なぜ、当社の水銀紫外線ランプでは120W/cmという値を採用しているのか? 標準的な水銀紫外線ランプを設計する際、私たちは120W/cmという線形出力密度を目指します。これは単なる仕様値に思えるかもしれませんが、実際にはその理由があります。 それは「最適な値」だからです。この値なら、工業用樹脂の迅速な光重合を促進するのに十分な力が得られますが、一方で、基板が変形するほどには熱くなりません。
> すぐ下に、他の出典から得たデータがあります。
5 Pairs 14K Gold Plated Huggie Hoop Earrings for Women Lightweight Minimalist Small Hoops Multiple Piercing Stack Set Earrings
熱と効果のバランス UV硬化処理においては、バランスを取る必要があります。UVCやUVBの波長帯が十分に強くて、コーティングの奥深くまで届く必要があります。 しかし、出力を高くしすぎると、「スキニング」という問題が発生します。これは、表面が瞬時に硬化して硬い殻ができ、その下に未硬化のモノマーが残ってしまう現象です。これは望ましい結果とは言えません。 120W/cmなら、表面の問題なく、十分な深度まで効果を得ることができます。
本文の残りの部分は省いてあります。